De dirigente die ik sinds het optreden van 13 mei niet meer gezien had is heel toeschietelijk. Ook persoonlijk tegenover mij. Normaal praat ze in de pauze met Linda en Indra van het bestuur, maar die zijn op vakantie. Ik ben alweer een beetje gesmolten. De repetitie van vorige week, waar ik weggebleven was wegens voetpijn en grote twijfel, was een ramp geweest. Zij had gedacht dat we wel konden studeren op een door een briljant koor ingezongen stuk, maar nee, dat kunnen wij niet. Ze moet voor ons per stuk per stem een geluidsbestandje maken. ‘Had je ons na het geslaagde concert overschat?’ vraag ik. Misschien, zegt ze, maar ik werd mooi wel met mijn neus op de feiten gedrukt, wat voor koor dit is. Het was ook een beetje luiheid. Dus ze maakt weer bestanden en vanavond oefent ze geduldig met ons. Stem voor stem. Stukje voor stukje. En dan gaat het wel weer.

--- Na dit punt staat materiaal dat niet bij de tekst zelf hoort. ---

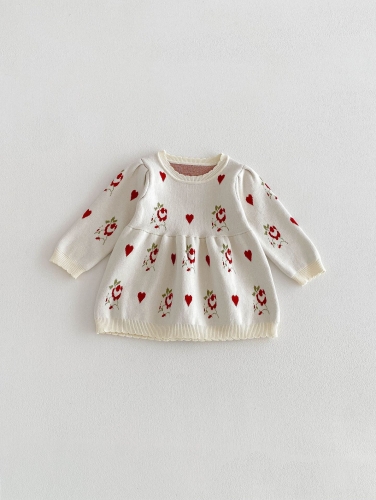 Spring and Autumn Infant Baby Girls Flowers and Hearts Pattern Long Sleeves One Piece Knitted Dress Wholesale
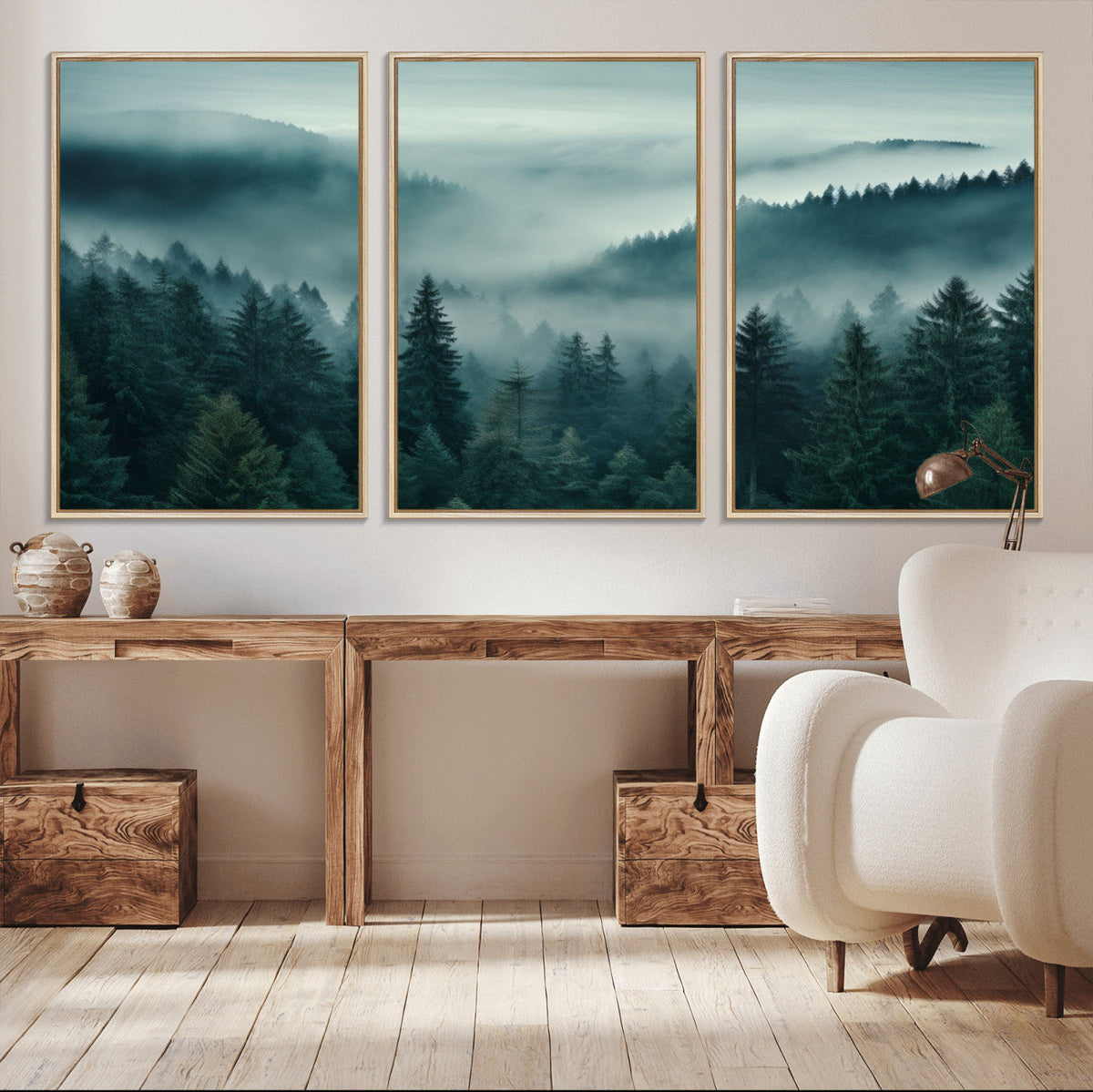 Captivating Misty Foggy Forest Wall Art Premium Canvas Print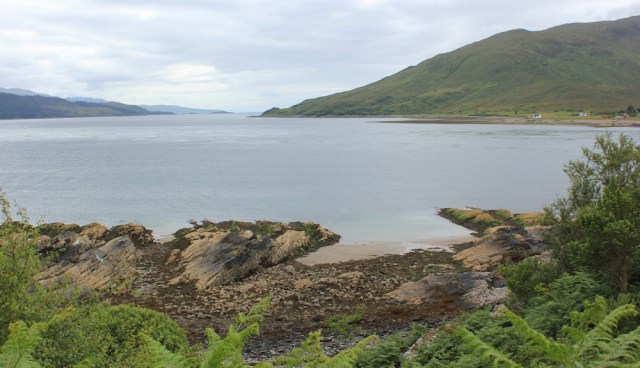 75 view down the Sound of Sleat, Ruth walking to the Kylerhea Ferry, Glenelg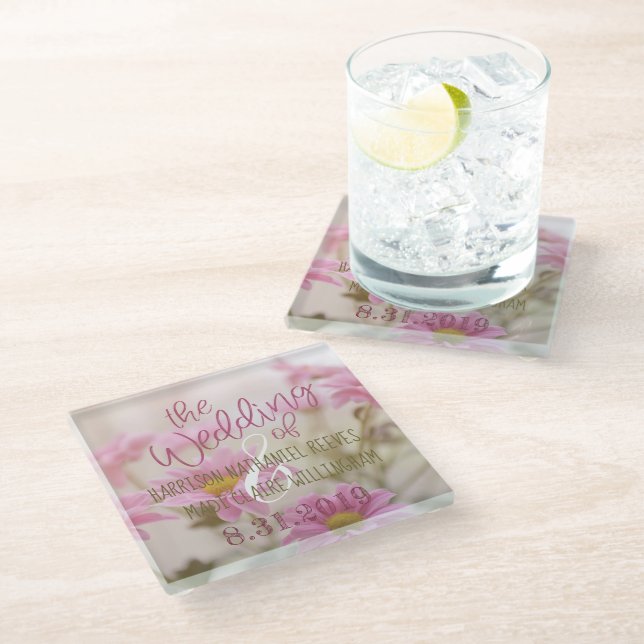 Romantic Flowers Glass Coaster Pink Daisy (Angled)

‘Ik ben heel benieuwd wat je voor het volgende concert voor schilderij gaat maken! Ik kijk er nu al naar uit!’ zegt ze. En: ‘Ik vind alles wat je maakt mooi. En ik ben heel kritisch.’ Maar ik heb nog geen idee wat we gaan zingen. Om te beginnen zou ik dit plaatje als inspiratie kunnen gebruiken.
Dat we de avond besluiten met ‘Geh nicht hin’ van Bela Bartók, ook weer onbegrijpelijk moeilijk, zal ik maar als betekenisvol beschouwen.